Romeo and Juliet may be star-crossed, but they are not class-crossed; Montagues and Capulets are equal, but we cannot imagine Romeo falling in love with a servant girl. The Chevalier des Grieux, the young, aristocratic, sensitive protagonist of Prévost’s novel of 1731, destined for a high rank in the Church, comes across the ravishing Manon, a girl of lower station being packed off to a convent as a curb to her love of pleasure, and he is altered forever. He runs the gamut of the coming-of-age tales I have outlined. He is innocent (hasn’t noticed the difference between the sexes up to now, he tells us) and will become dreadfully experienced (coping with the trials entailed by his tumultuous love affair with Manon).
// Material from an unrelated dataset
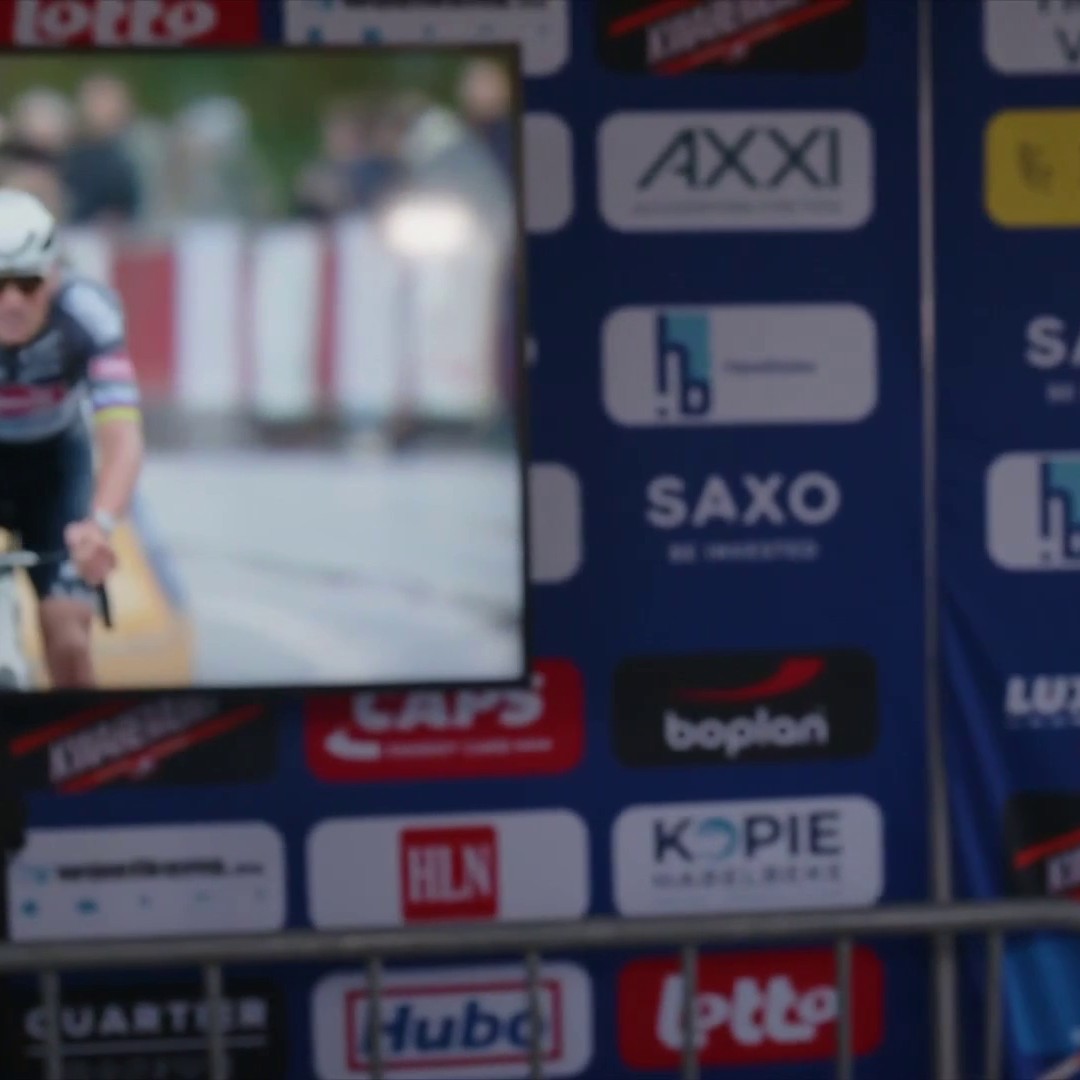 "On était tous à bloc, sauf lui là, quand je le vois" : Stefan Küng évoque Mathieu van der Poel après le numéro du Néerlandais sur l'#E3SaxoClassic #LesRP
Hence he will be as transformed as Romeo and Juliet, but this time the “rebirth” brought on by love has a darker hue, for it wrecks all prior identity and hurtles the young lover into an outright war with the authorities of his time. This volatile yet tragic story of young love in the eighteenth century is prismatic: it instructs us about not only the intricacies of the human heart but also those of the
ancien régime
and the hustling Parisian culture, where sexual favors can be bought but class lines cannot be crossed. What I am terming “instruction” in the affairs of both heart and society comes across in the novel as a series of bewildering collisions, conferring on this story a sense of breathlessness and even trauma.
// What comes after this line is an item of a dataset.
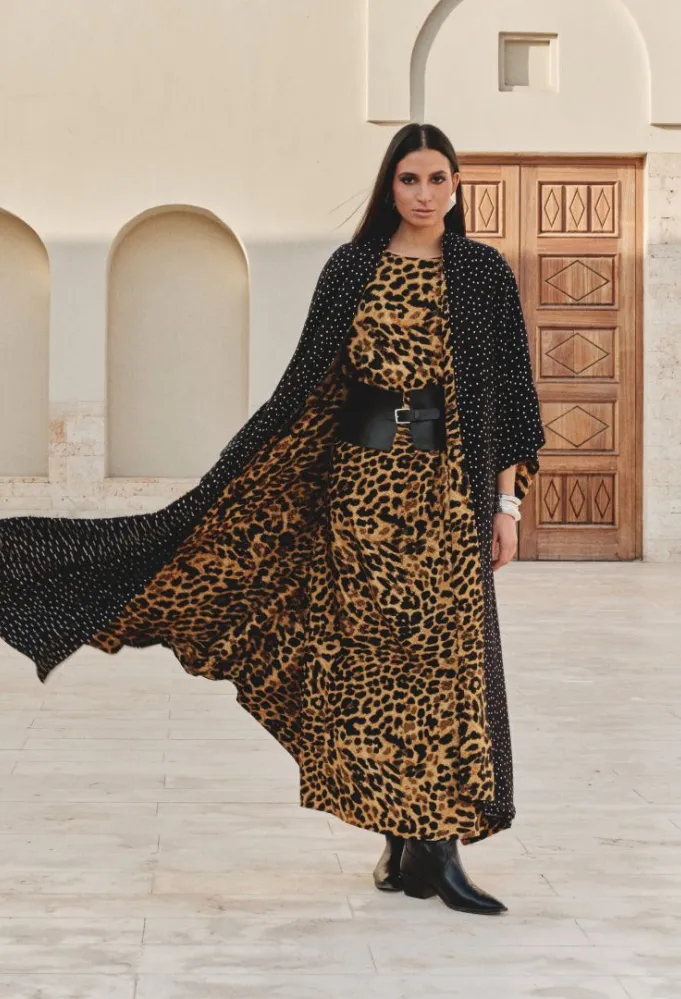 الفستان مع العباية المفتوحة من نسيبة حافظ لدى ترنديول- الصورة من العلامة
Smitten by her beauty, Des Grieux abandons his religious path, saves Manon from the convent, and the two of them elope. Burning with sexual hunger, they make love already in the carriage bringing them to Paris. Des Grieux is initiated into pleasure. But the little money he has cannot last long in the big city, and very soon he encounters the first betrayal: Manon seems melancholy at supper, there is a knock on the door, he is hauled off by three men whom he recognizes as his father’s lackeys, his older brother awaits him in a carriage, he is returned home to Father. Only there does he learn that Manon has acquired an older, wealthy suitor and that she was party to his abduction. His father chastises him for his simplicity, even offers to buy him a pretty woman, but the wound is too deep. The young man is angry, hurt, brokenhearted, but this quasi-penal stint at home for six months reorients him toward spiritual horizons, and after much diligence the great day comes when he is to make his public oration at the Sorbonne in recognition of his ecclesiastical gifts and vocation.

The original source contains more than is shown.